__Required work__
Leaving out the images, transcribe every record below exactly.

__Provided records__
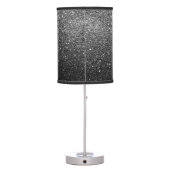 Elegant Faux Black Glitter Table Lamp (Back)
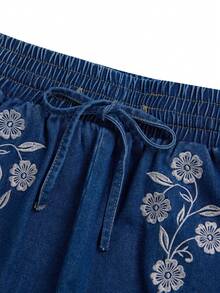 GlowEve 夏季休闲刺绣抽绳腰牛仔短裤 - 藍色 - 查看 6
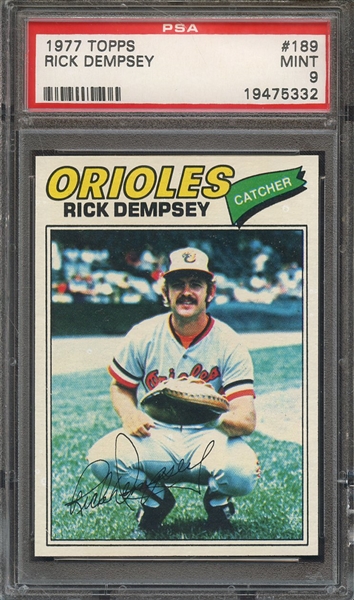 1977 TOPPS 189 RICK DEMPSEY PSA MINT 9
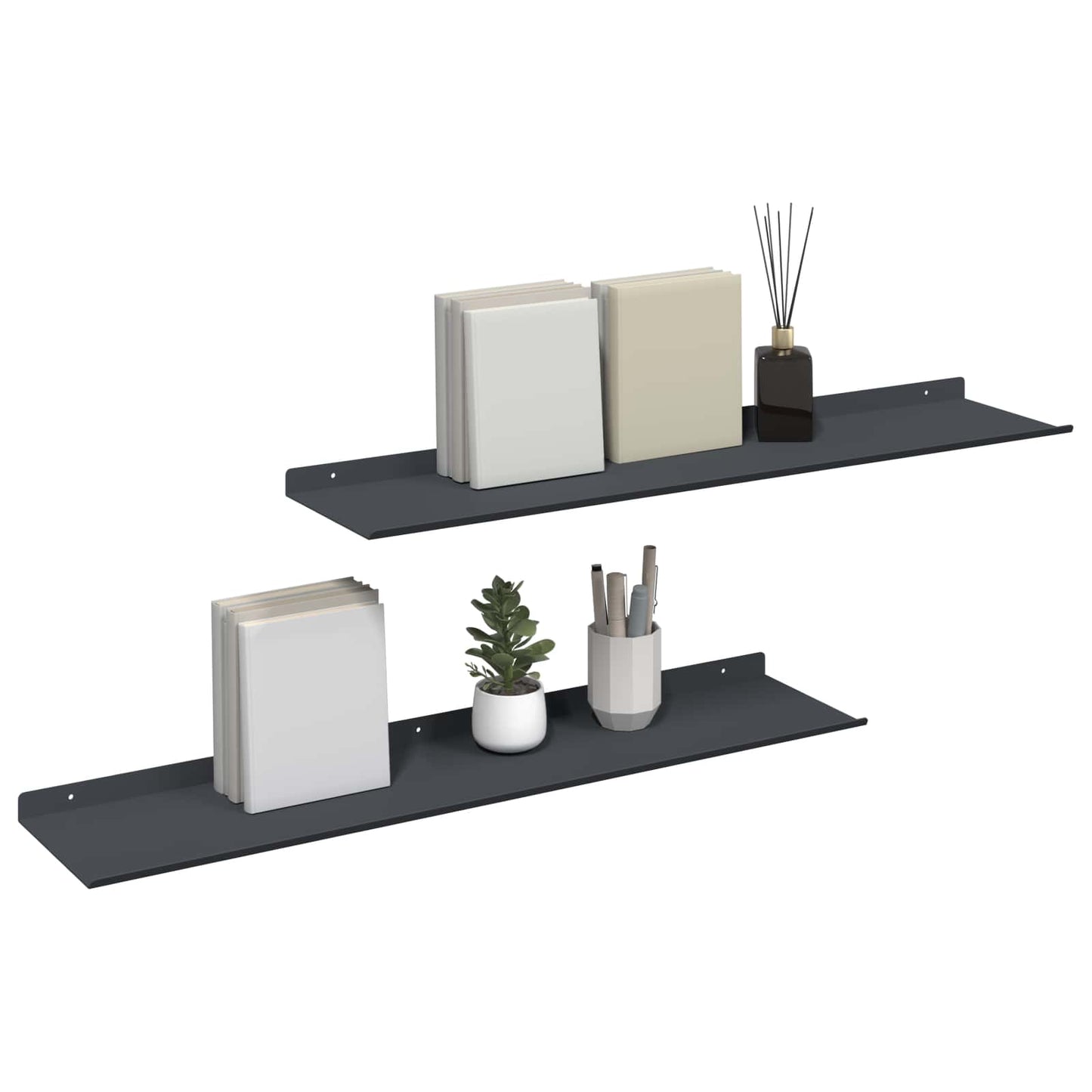 Drijvende plank Muurmontage 2 st Antraciet 80 x 18 x 2,5 cm is nu te koop bij PeponiXL, paradijselijk wonen!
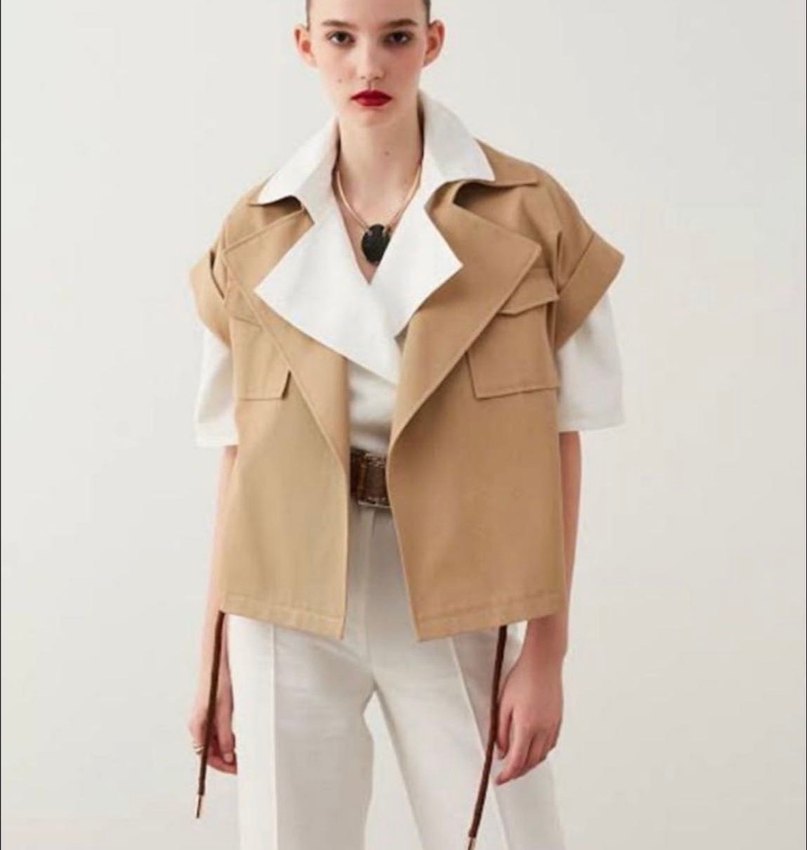 İpekyol Safari Kemerli Bej yelek Ceket - Görsel 5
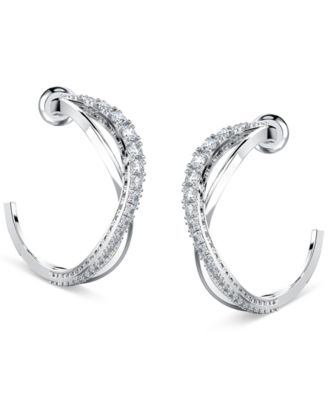 Swarovski Matrix heart-hoop earrings - Silver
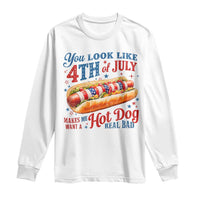 You Look Like 4th of July Hot Dog Long Sleeve Shirt Funny Patriotic Food Meme - Wonder Print Shop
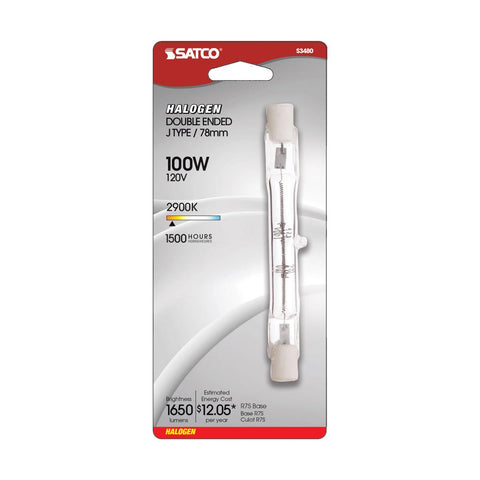 Satco - 100 Watt; Halogen; T3; Clear; 1500 Average rated hours; 1650 Lumens; Double Ended base; 78mm; 120 Volt; Carded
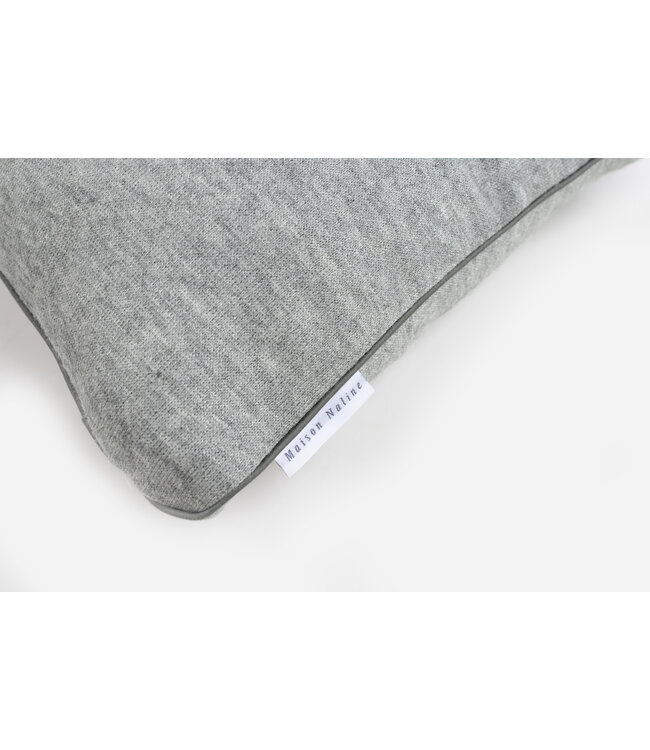 Maison Naline Maison Naline - Kussen 35x35 angora groen / paspel tush groen rondom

__Answer box__
 Elegant Faux Black Glitter Table Lamp (Back)
 GlowEve 夏季休闲刺绣抽绳腰牛仔短裤 - 藍色 - 查看 6
 1977 TOPPS 189 RICK DEMPSEY PSA MINT 9
 Drijvende plank Muurmontage 2 st Antraciet 80 x 18 x 2,5 cm is nu te koop bij PeponiXL, paradijselijk wonen!
 İpekyol Safari Kemerli Bej yelek Ceket - Görsel 5
 Swarovski Matrix heart-hoop earrings - Silver
 You Look Like 4th of July Hot Dog Long Sleeve Shirt Funny Patriotic Food Meme - Wonder Print Shop
 Satco - 100 Watt; Halogen; T3; Clear; 1500 Average rated hours; 1650 Lumens; Double Ended base; 78mm; 120 Volt; Carded
 Maison Naline Maison Naline - Kussen 35x35 angora groen / paspel tush groen rondom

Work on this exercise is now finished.